> Input for this task:
*****

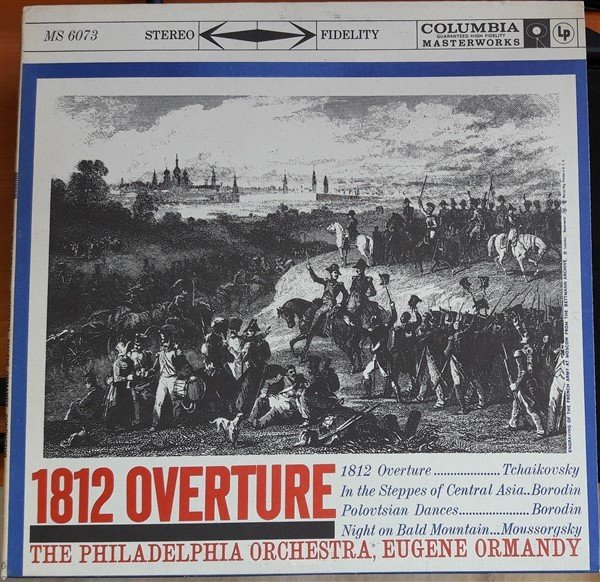 TCHAIKOVSKY 1812, BORODIN: POLOVTSIAN DANCES, MUSSORGSKY: NIGH ON BALD MOUNTAIN, PHILADELPHIA ORCHESTRA, EUGENE ORMANDY - LP 2.EL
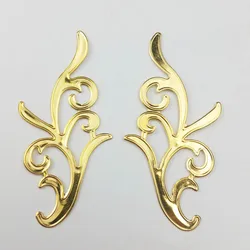 10pcs 34x67mm Filigree flower  Wraps Metal Charms For Embellishment Scrapbook  DIY Jewelry Metal Craft  Jewelry Accessories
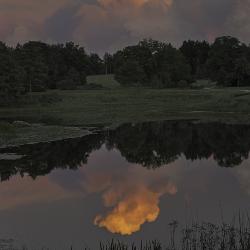 Cloud Reflection on Meadow Lake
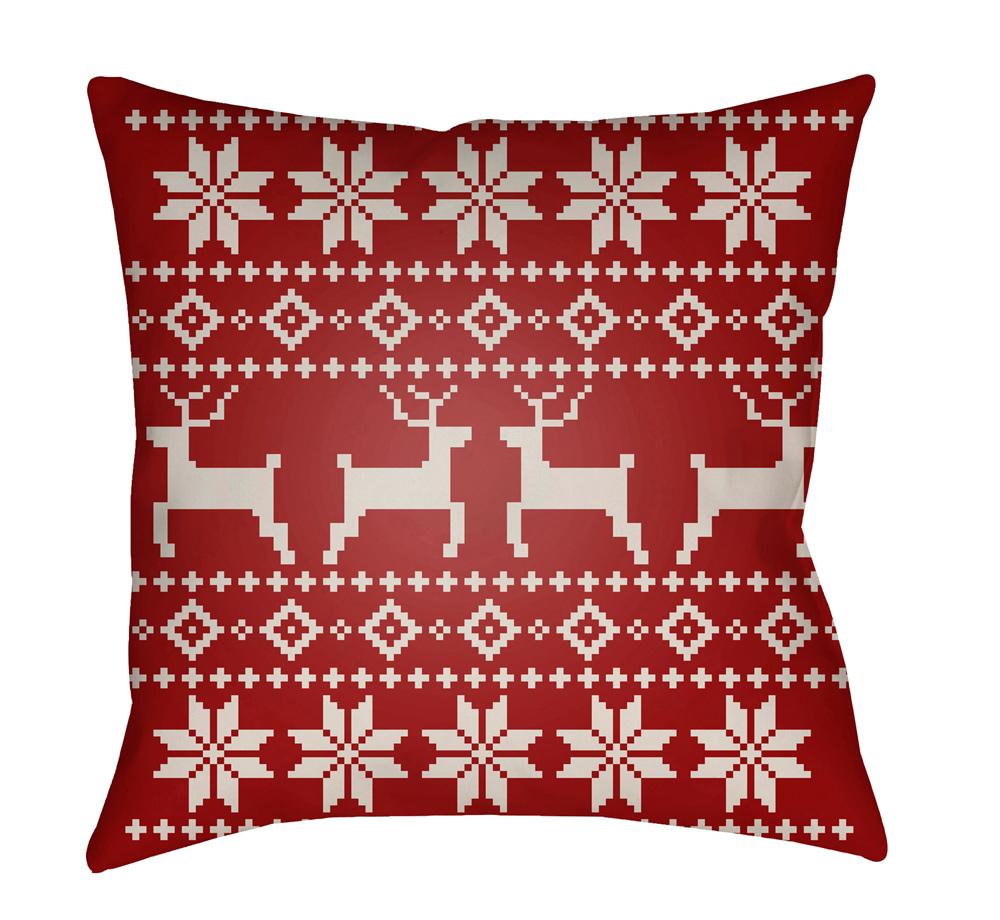 Livabliss - Fair Isle I 18inLx18inW Accent Pillow - PLAID005-1818 veiw 1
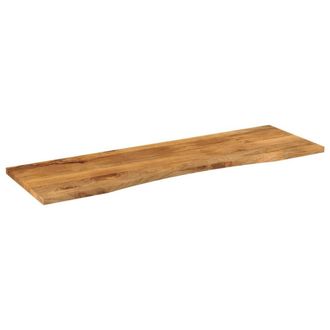 Berkfield Home Desk Top with Curve 160x50x2.5 cm Solid Wood Rough Mango in Brown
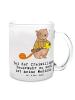 Mr. & Mrs. Panda Teetasse Bär Freiwillige Feuerwehr mit Spruch in Transparent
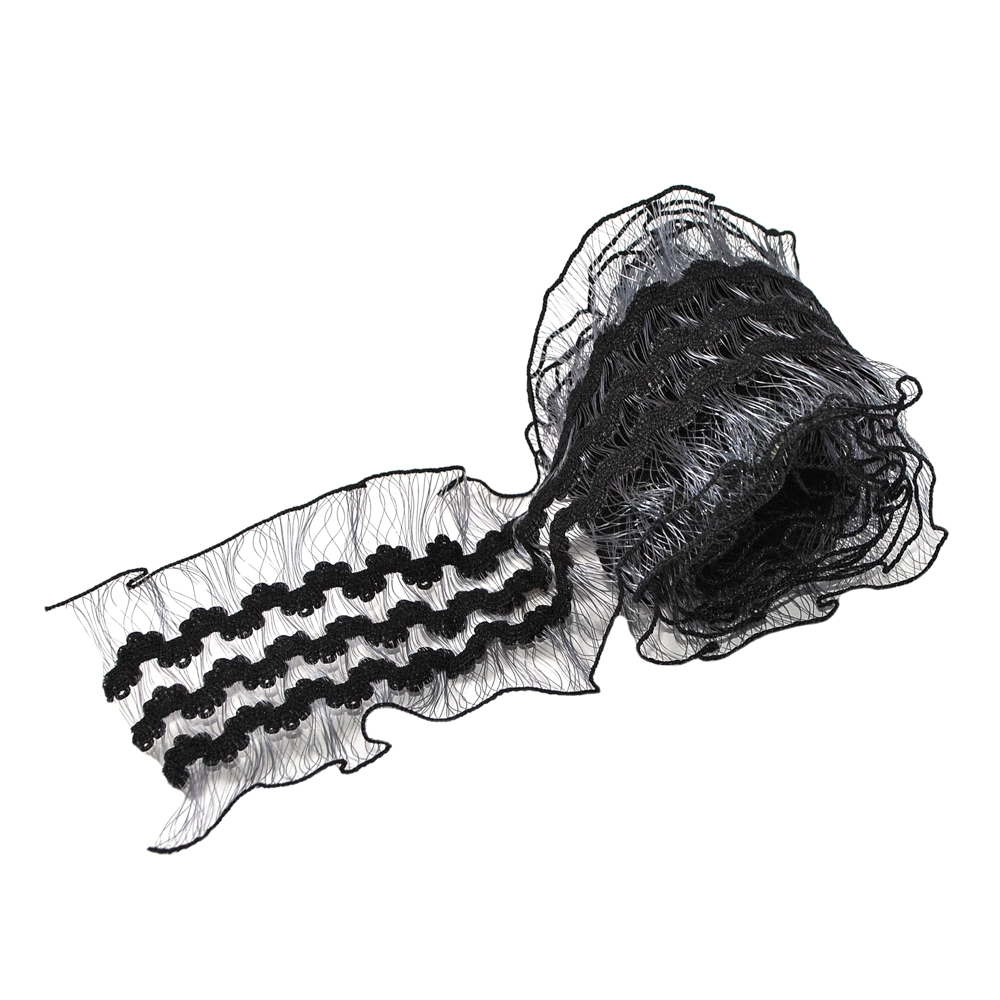 Резинка Кружево, 5см, черный, серый, ярд. Резинка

*****

> Problem description: Write the lines from the one containing "Cloud Reflection on Meadow Lake" through the end of the data above exactly as they appear, and do not carry over any picture.

> Response to the exercise:
 Cloud Reflection on Meadow Lake
 Livabliss - Fair Isle I 18inLx18inW Accent Pillow - PLAID005-1818 veiw 1
 Berkfield Home Desk Top with Curve 160x50x2.5 cm Solid Wood Rough Mango in Brown
 Mr. & Mrs. Panda Teetasse Bär Freiwillige Feuerwehr mit Spruch in Transparent
 Резинка Кружево, 5см, черный, серый, ярд. Резинка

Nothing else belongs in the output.